---------- Data
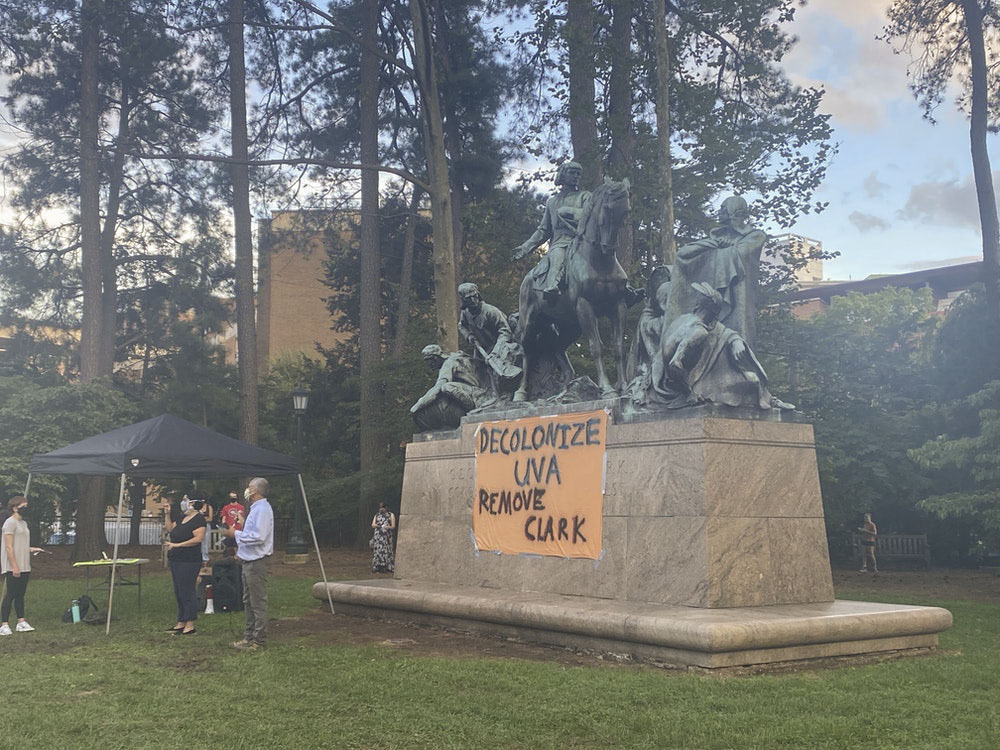 Clark statue with a homemade sign placed on the side of the monument that reads,  decolonize UVA remove clark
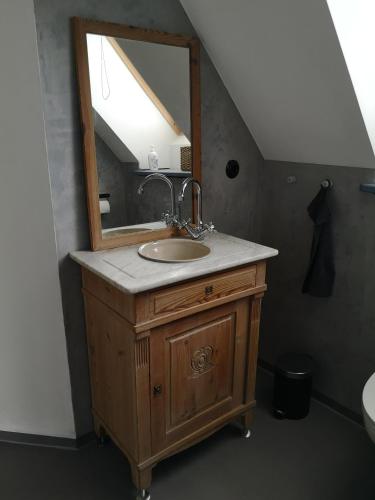 a bathroom with a sink and a mirror at Møllehusets Bed & Breakfast in Nordborg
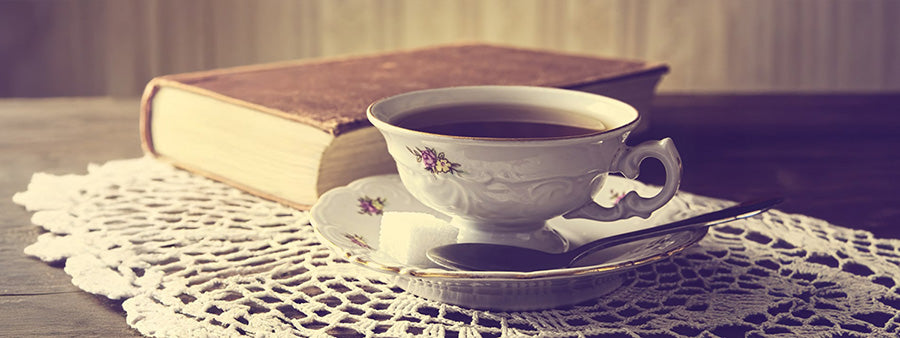 Vintage teacup and saucer with a sugar cube beside an old book on a lace doily — Deb’s Tea Room collection celebrating timeless comfort and literary charm.
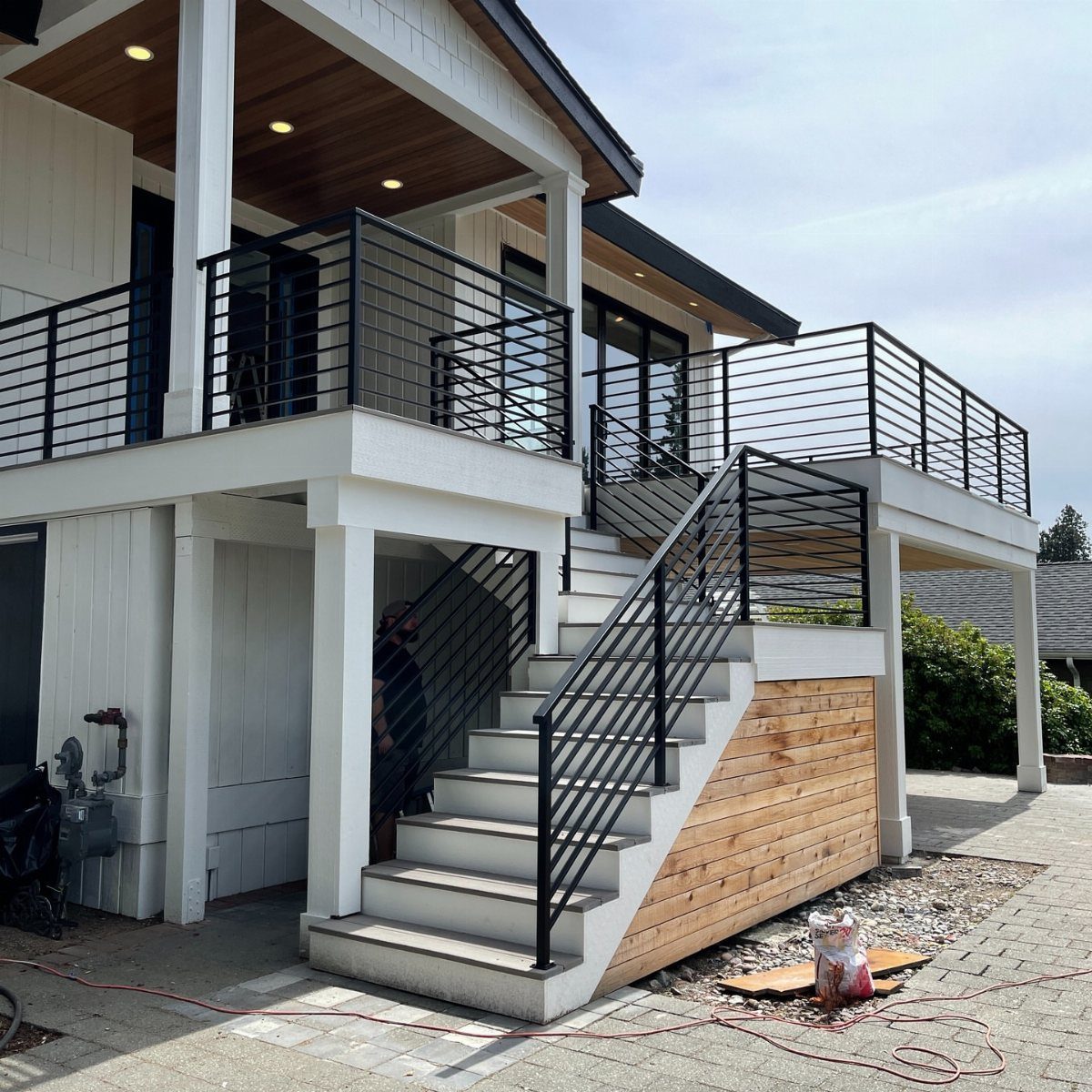 Modern white second-story deck with black metal railings and concrete stairs leading to a patio.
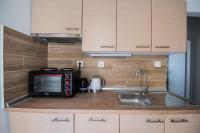Kuchyňa alebo kuchynka v ubytovaní Chelona Apartments
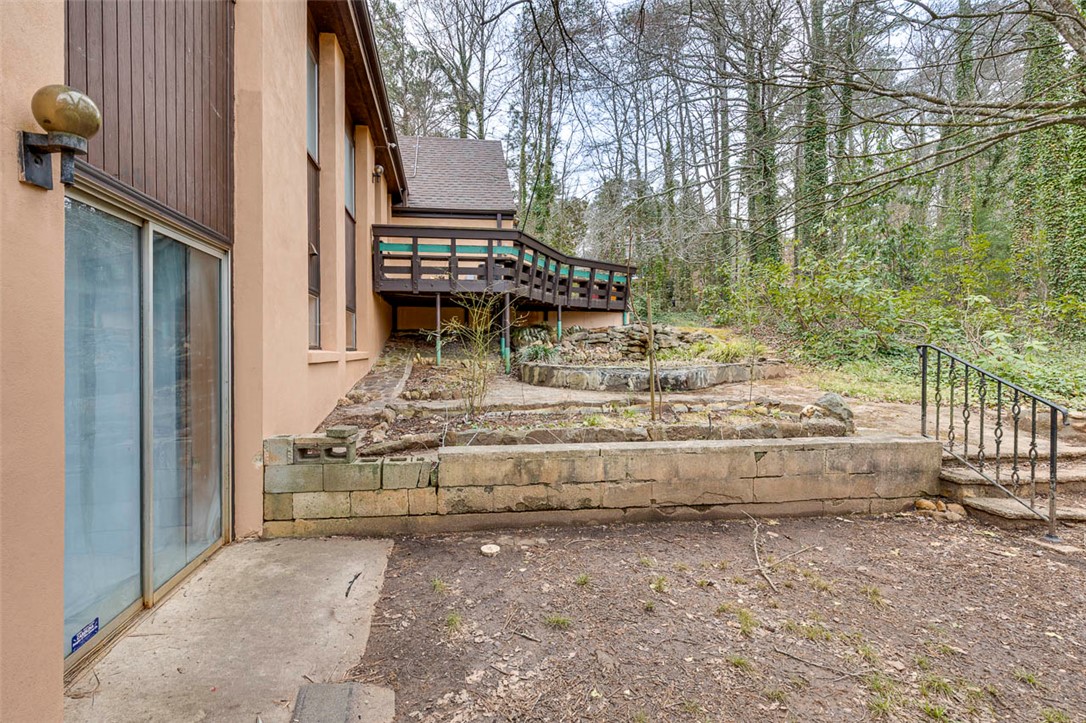 200 Valley View Drive Clemson, SC 29631 - Photo 31 of 31 This property features a charming patio and a large deck, perfect for enjoying the peaceful backyard.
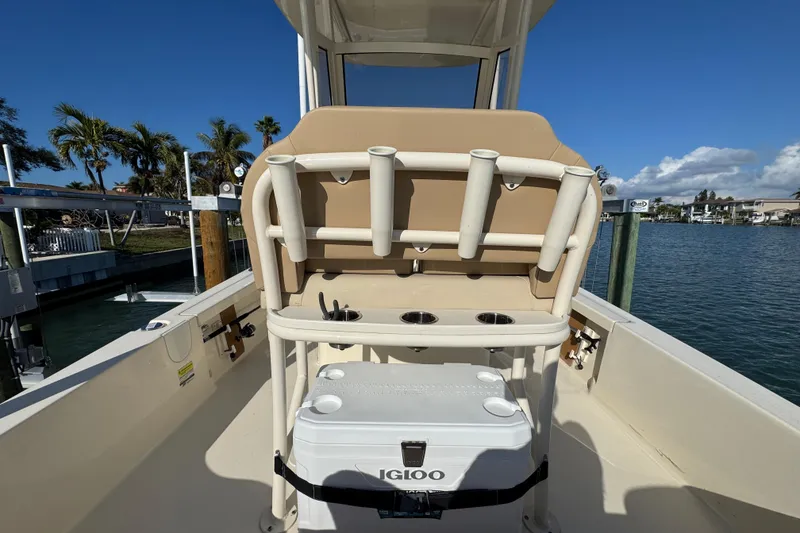 Slide: The Image of 2024 Scout 231 XSB boat interior with rod holders and cooler, docked by the water. - 9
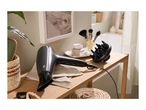 Hair dryer with diffuser and hairbrush on a wooden shelf in a bathroom setting.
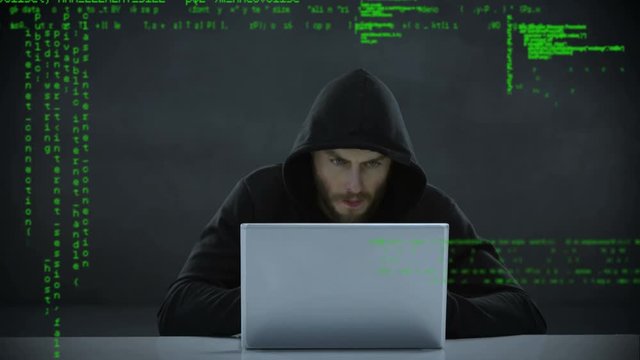 Male hacker using a laptop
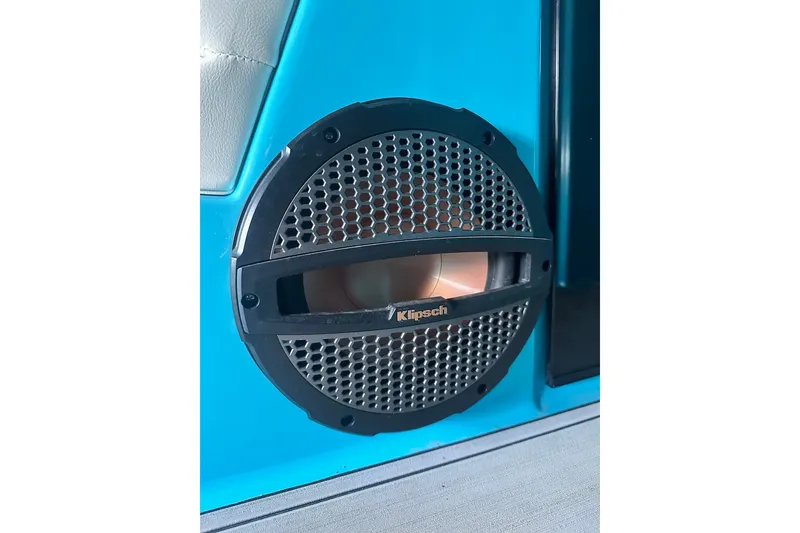 Slide: The Image of 2024 MasterCraft NXT22 boat featuring a Klipsch speaker on a blue interior panel. - 17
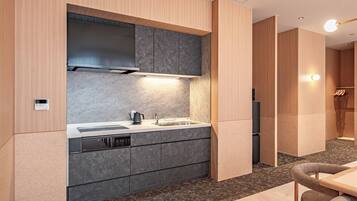 A modern kitchen with built-in appliances, a dining area with a table and chairs, and a separate living space with a sofa.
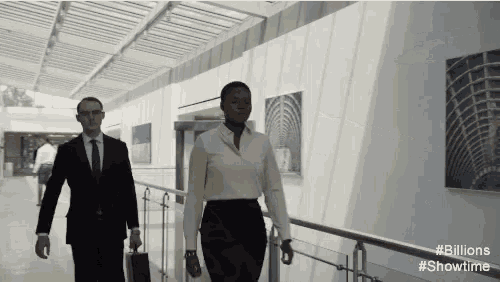 a man and a woman are walking down a hallway with the hashtag # billions showtime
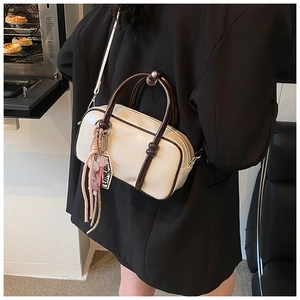 Détail d'un sac Boston blanc crème avec des anses marron et une bandoulière dans un café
--------------------
◆ **Work task**: Leave out the images and write out the lines above exactly, from the one with "Kuchyňa alebo kuchynka" up to and including the one with "A modern kitchen".

◆ **Answer space**:
Kuchyňa alebo kuchynka v ubytovaní Chelona Apartments
 200 Valley View Drive Clemson, SC 29631 - Photo 31 of 31 This property features a charming patio and a large deck, perfect for enjoying the peaceful backyard.
 Slide: The Image of 2024 Scout 231 XSB boat interior with rod holders and cooler, docked by the water. - 9
 Hair dryer with diffuser and hairbrush on a wooden shelf in a bathroom setting.
 Male hacker using a laptop
 Slide: The Image of 2024 MasterCraft NXT22 boat featuring a Klipsch speaker on a blue interior panel. - 17
 A modern kitchen with built-in appliances, a dining area with a table and chairs, and a separate living space with a sofa.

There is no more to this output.